TASK TO CARRY OUT> Taking only the lines of the data below from the line with "Кошик для фритюрниці" to the line with "Live Webcam Makarska – Riviera", ends included, write them out exactly and without pictures.

*** Opening INFORMATION SUPPLIED ***

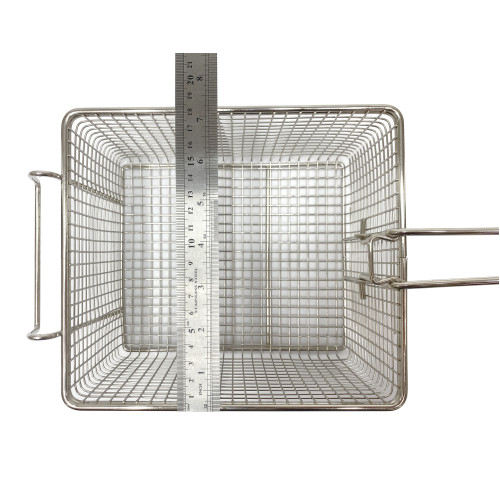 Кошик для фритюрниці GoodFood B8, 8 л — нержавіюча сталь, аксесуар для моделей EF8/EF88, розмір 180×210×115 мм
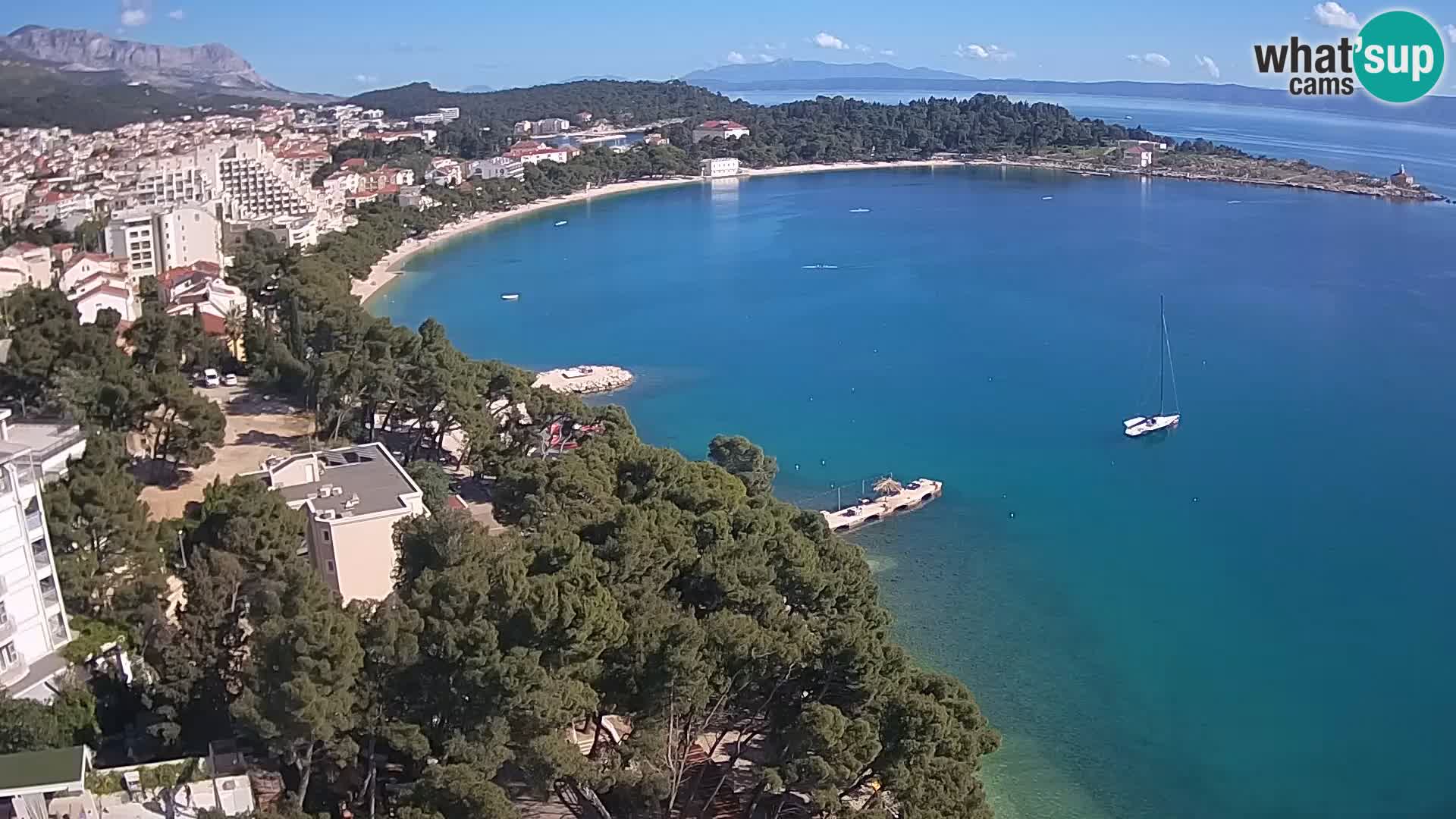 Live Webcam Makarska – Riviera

*** Closing INFORMATION SUPPLIED ***
*** Opening INFORMATION SUPPLIED ***

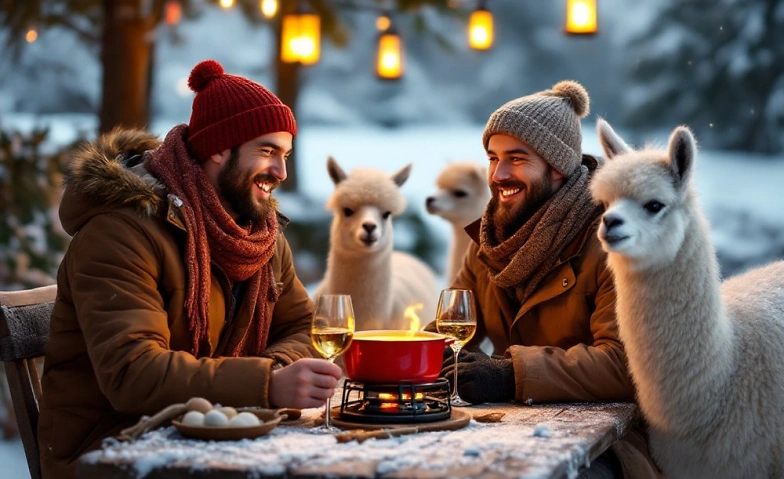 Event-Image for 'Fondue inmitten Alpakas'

*** Closing INFORMATION SUPPLIED ***

RESPONSE FOR THIS EXERCISE>
 Кошик для фритюрниці GoodFood B8, 8 л — нержавіюча сталь, аксесуар для моделей EF8/EF88, розмір 180×210×115 мм
 Live Webcam Makarska – Riviera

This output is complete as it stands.